[GIVEN INFORMATION — start]

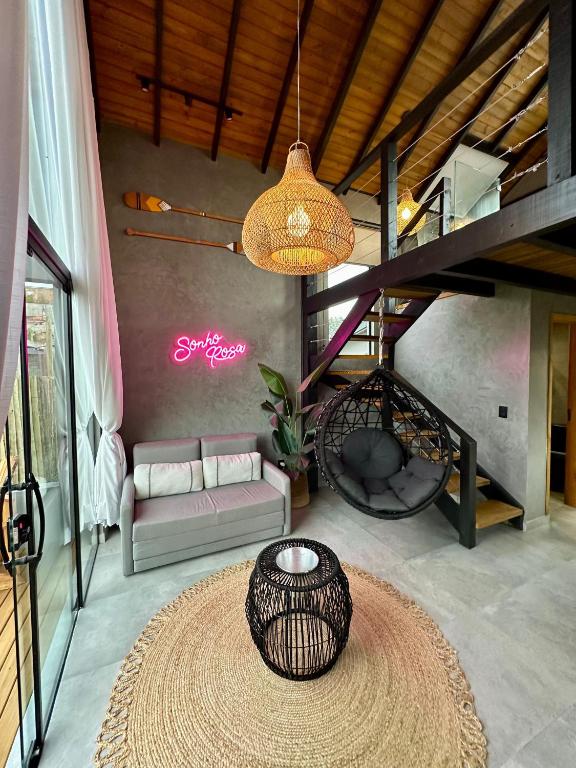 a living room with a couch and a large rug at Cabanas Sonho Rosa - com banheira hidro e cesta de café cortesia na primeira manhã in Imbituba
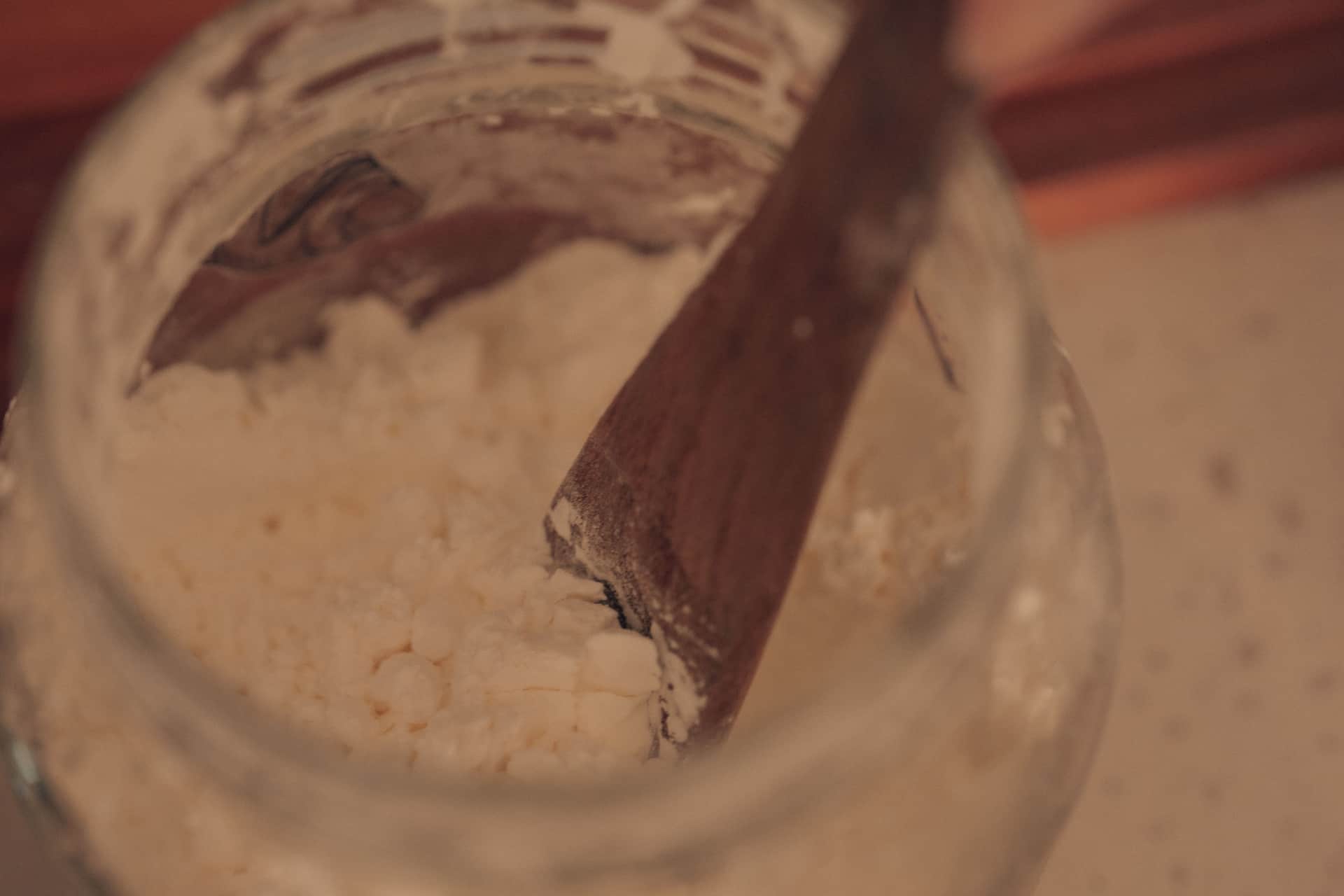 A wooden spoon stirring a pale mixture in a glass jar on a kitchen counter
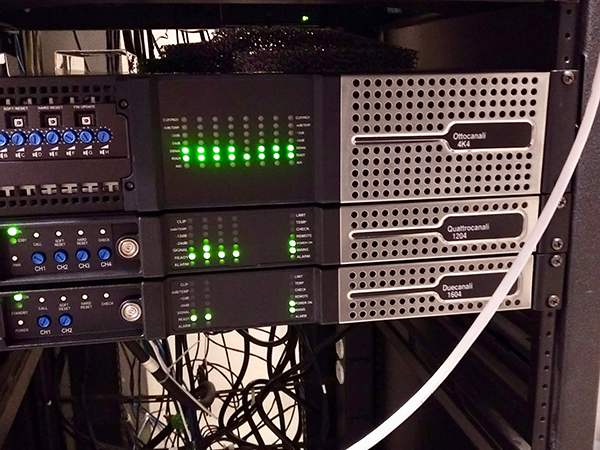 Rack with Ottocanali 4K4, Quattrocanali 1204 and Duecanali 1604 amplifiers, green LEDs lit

[GIVEN INFORMATION — finish]

EXERCISE PROMPT — Nothing but the lines from the line with "A wooden spoon" through the last line of the listing should be copied, exactly and with both ends kept. Leave pictures out.

COMPLETED EXERCISE —
 A wooden spoon stirring a pale mixture in a glass jar on a kitchen counter
 Rack with Ottocanali 4K4, Quattrocanali 1204 and Duecanali 1604 amplifiers, green LEDs lit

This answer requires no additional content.